QUALITATIVE COMMENTS: (with 12 mg) I believe that my mood has
distinctly improved, and my sleep that evening was excellent. This is
physically benign.
(with 32 mg) There was some sort of threshold that lasted for a
couple of hours.
(with 25 mg of the "R" isomer) There is the alert of a psychedelic,
with none of the rest of the package. Perhaps a bit of paranoia. And
by the fifth hour everything is largely gone.

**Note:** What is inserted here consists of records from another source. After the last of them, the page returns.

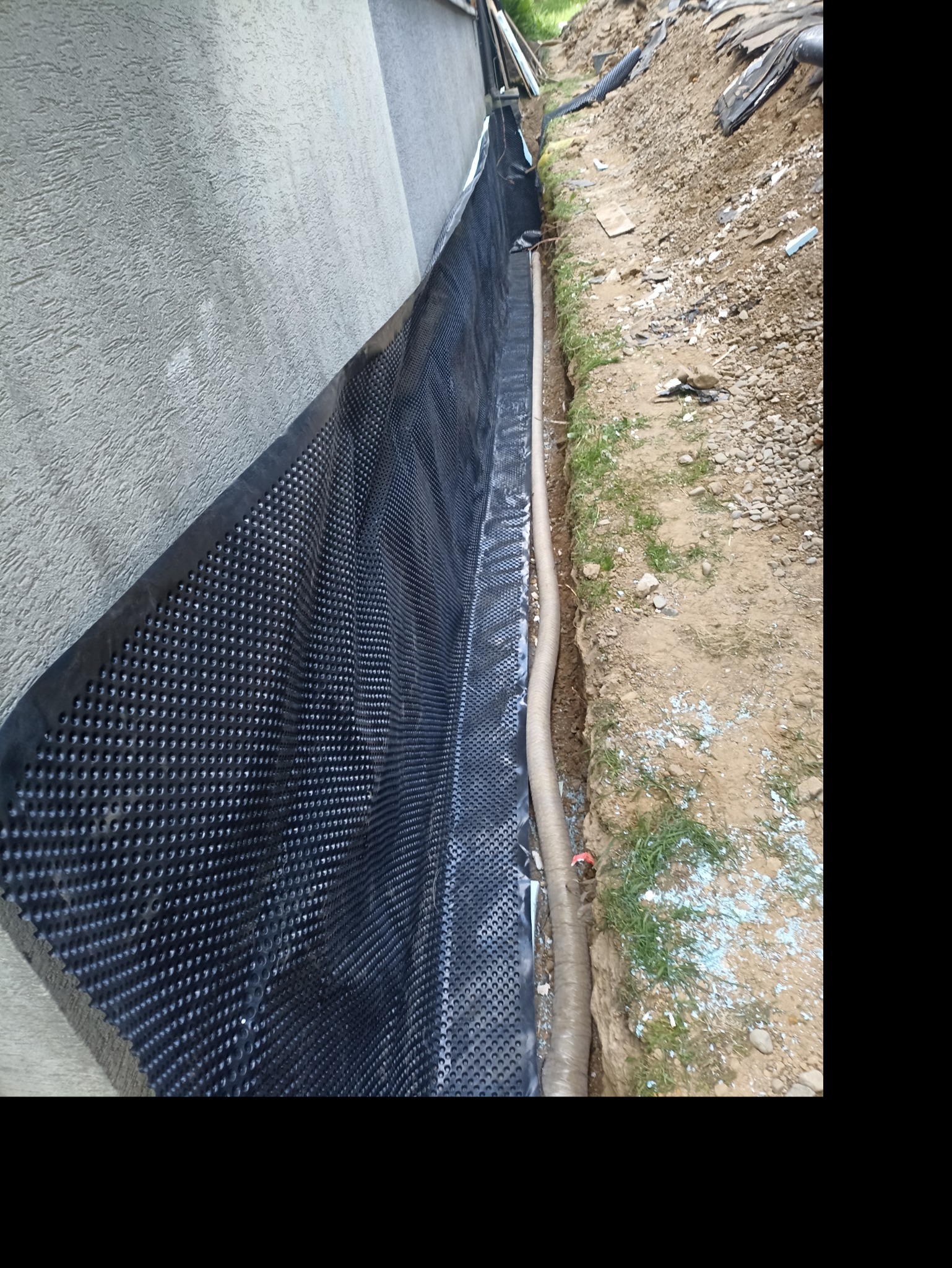 Czarna folia izolacyjna z wypustkami na fundamencie, rura drenażowa w wykopie. Widoczne ślady białego proszku. Prace ziemne w toku.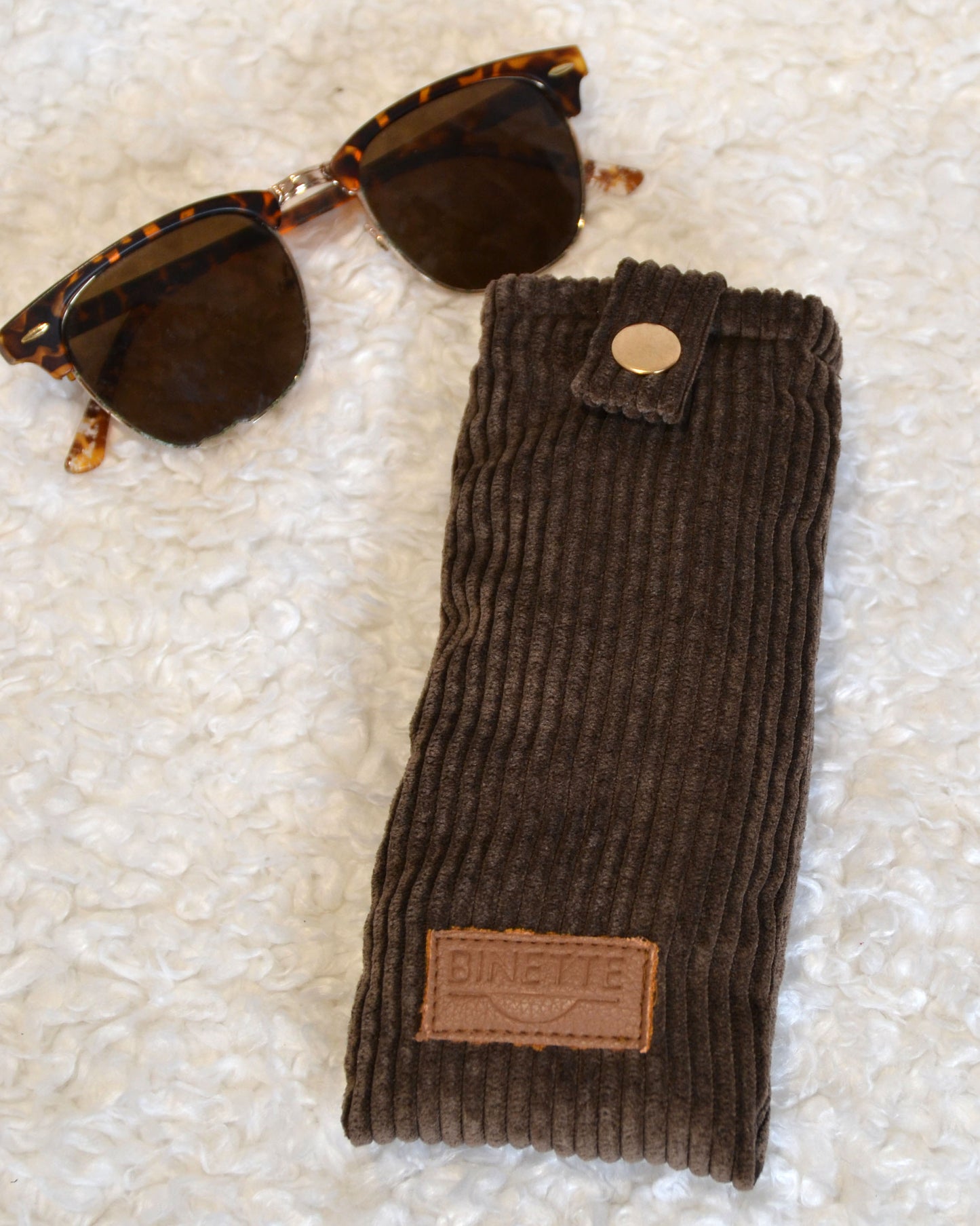 Étui à lunette marron chocolat velours côtelé avec paire de lunette marron sur moumoute blanche
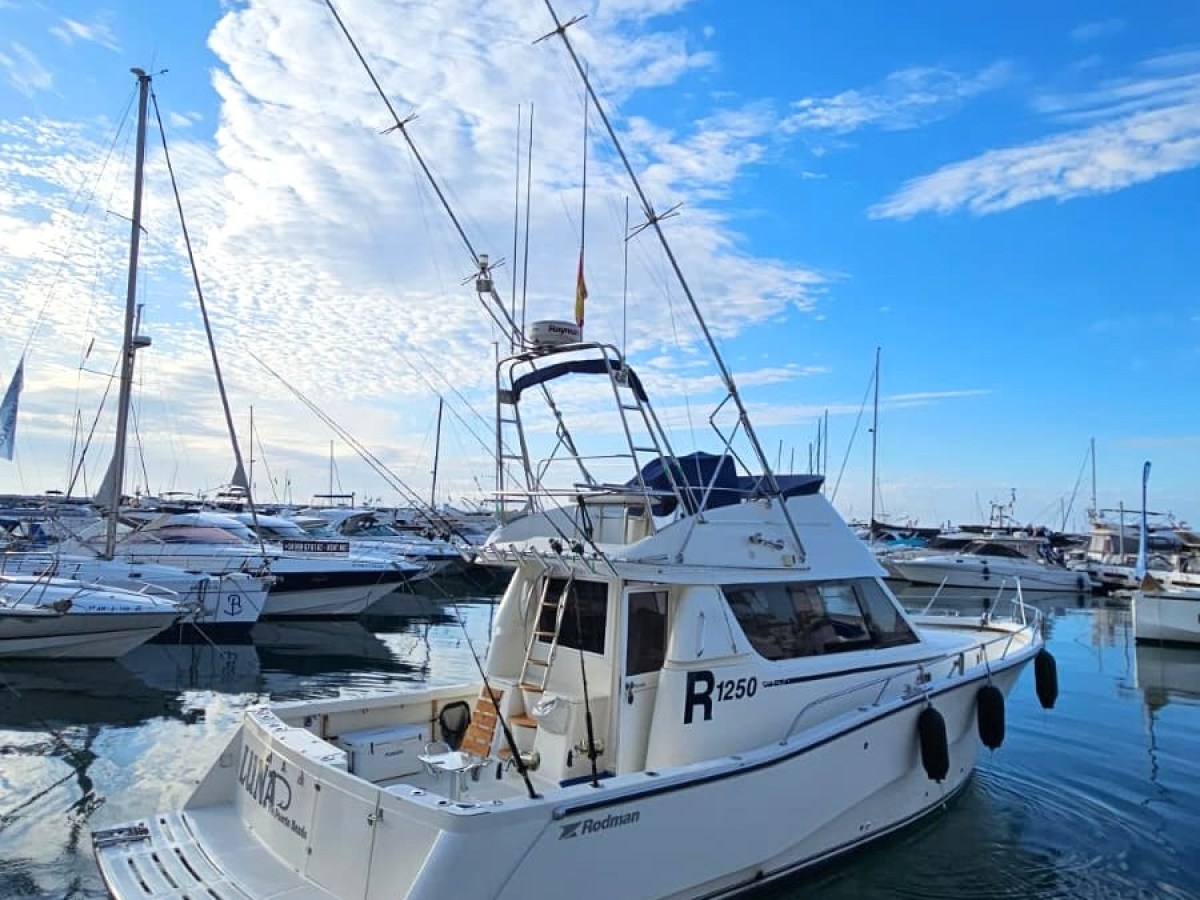 A white boat with antennas docked in a marina under a blue sky with scattered clouds.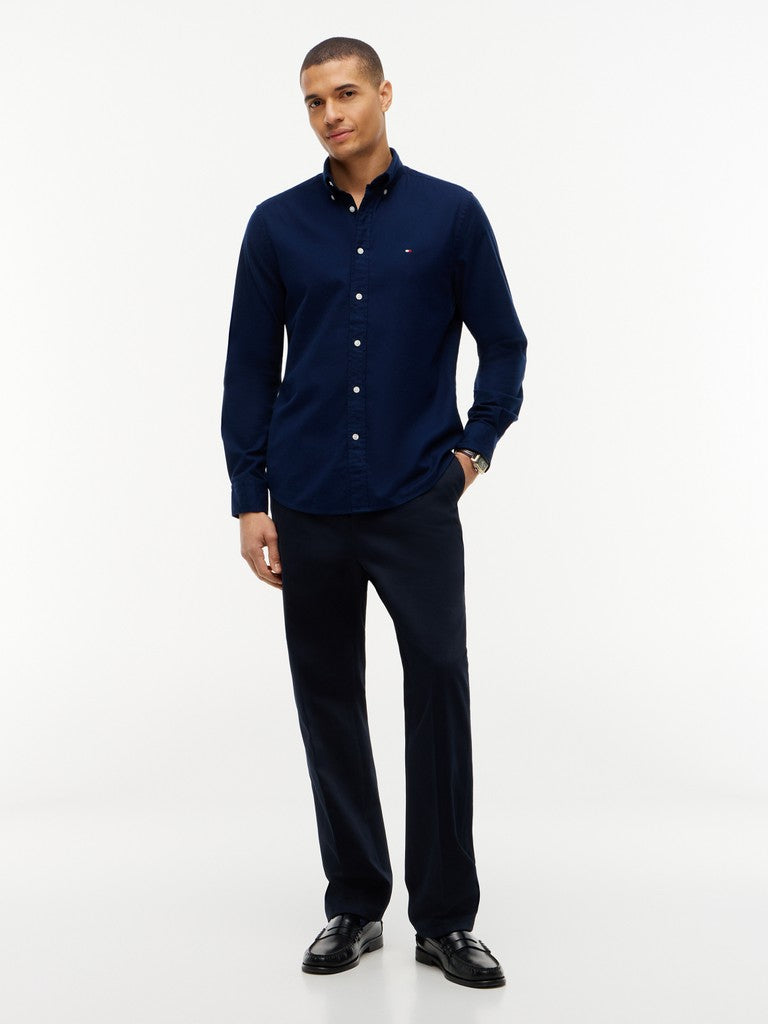 A man modeling a dark navy blue long-sleeve button-down shirt with matching navy trousers and black dress shoes, standing against a plain white studio background.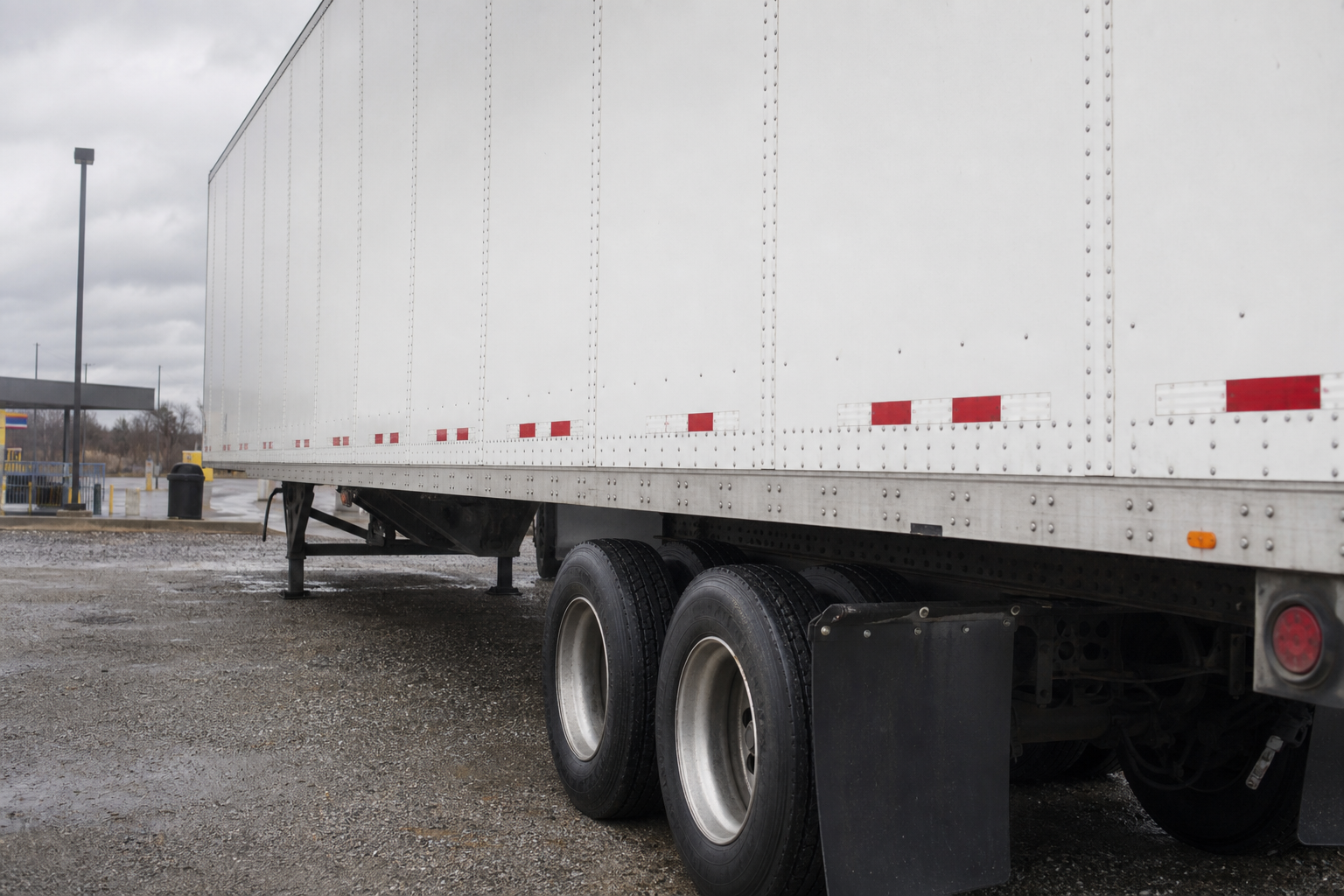Side view of a commercial semi-trailer at a rural Indiana truck stop, illustrating the federal motor-carrier safety issues raised by serious interstate crashes.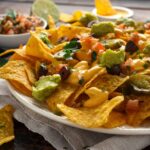 mexican nachos tortilla chips with olives jalapeno guacamole tomatoes salsa cheese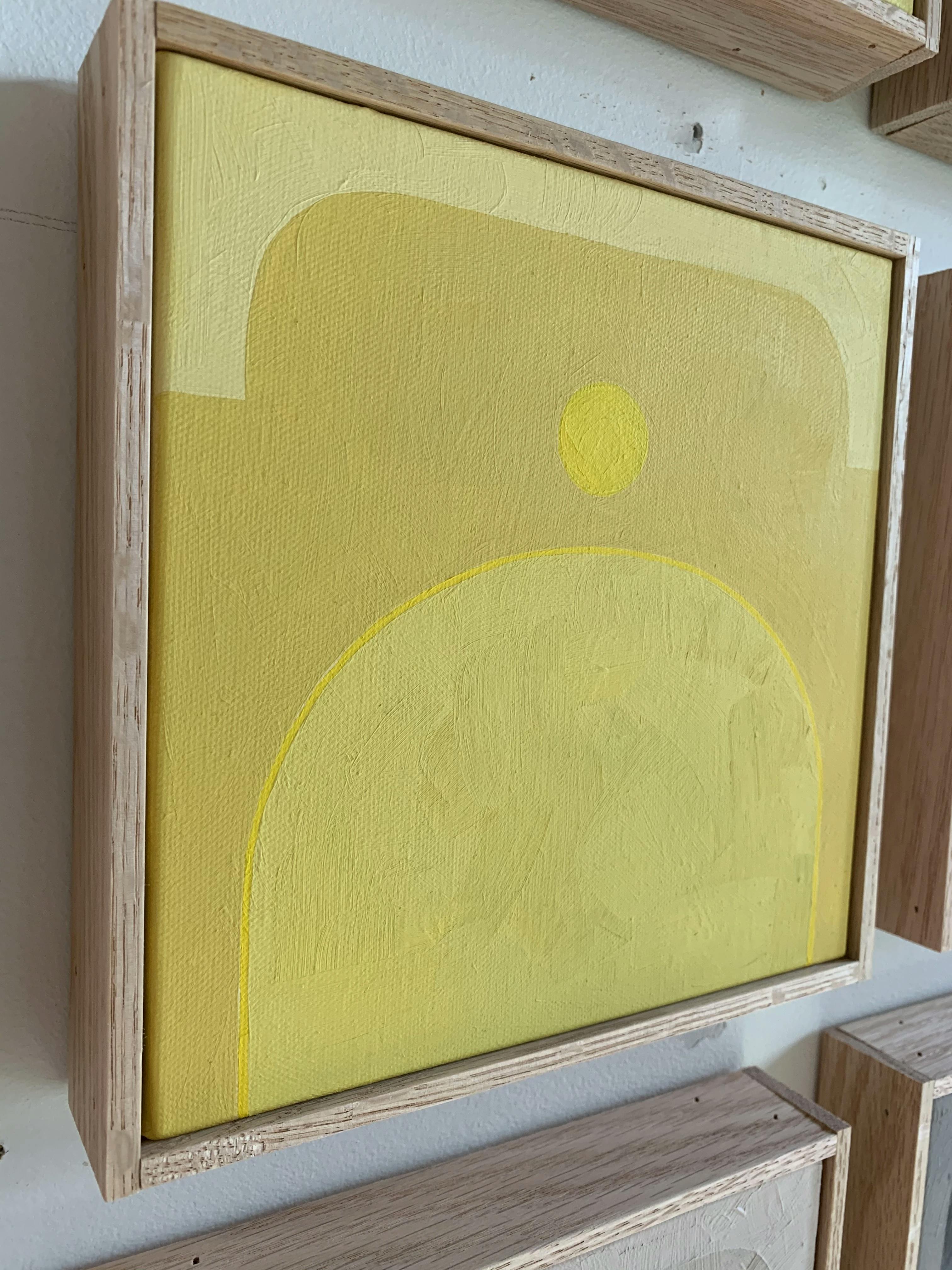 A close-up of a minimalist yellow painting by artist Carla Weeks.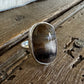 A silver ring with a large, polished oval cabochon gemstone featuring brown, black, and white marbled patterns, resting on a rustic wooden surface with a white fur trim at the top.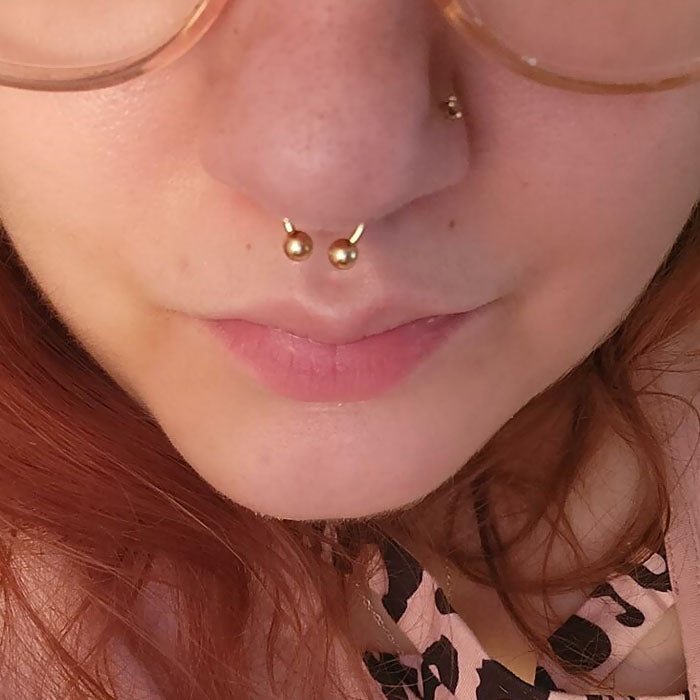 14k gold circular barbell shown in a septum piercing, close-up fit view on model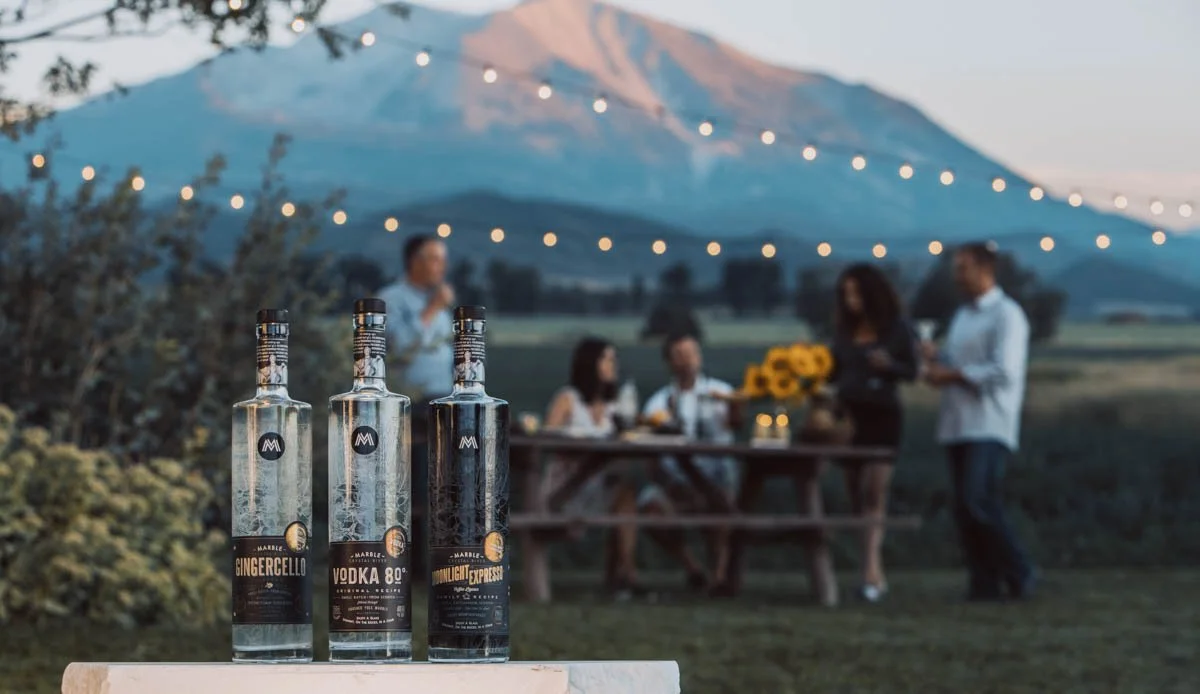 Three Marble Distilling bottles displayed outdoors on a wooden surface with string lights and a mountain landscape in the background while a group gathers around a table behind them.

EXTENSIONS AND COMMENTARY: How does one discover a new drug for a
malady that does not exist in experimental animals? Drugs that
interfere with sleep, or with appetite, or with some infecting
bacterium, are naturals for animal screening, in that animals sleep,
eat, and can be easily infected. But there are lots of syndromes that
involve a state of mind, and these are uniquely human. Many of the
psychopharmacological anti-this or anti-that agents address ailments
such as anxiety, psychosis, paranoia, or depression, which are only
known in man. So how does one discover a new drug in areas such as
these? If one has in hand a drug that is known to be effective in one
of these human ailments, an animal assay can be set up to give some
measurable response to that specific drug, or a biochemical property
can be rationalized as being related to a mechanism of action. And
with the known drug as a calibration, and restricting your search to
structurally related compounds, you can find structural relatives that
give the same responses.
But how does one find a new class? One way is to kind of stumble into
it as a side-line of human experimentation with new psychedelics. But
it is really difficult to pick up the clues as to what will be a good
anti-depressant if you are not depressed. This compound, to which I
had given the name of ARIADNE as the first of my ten "classic ladies"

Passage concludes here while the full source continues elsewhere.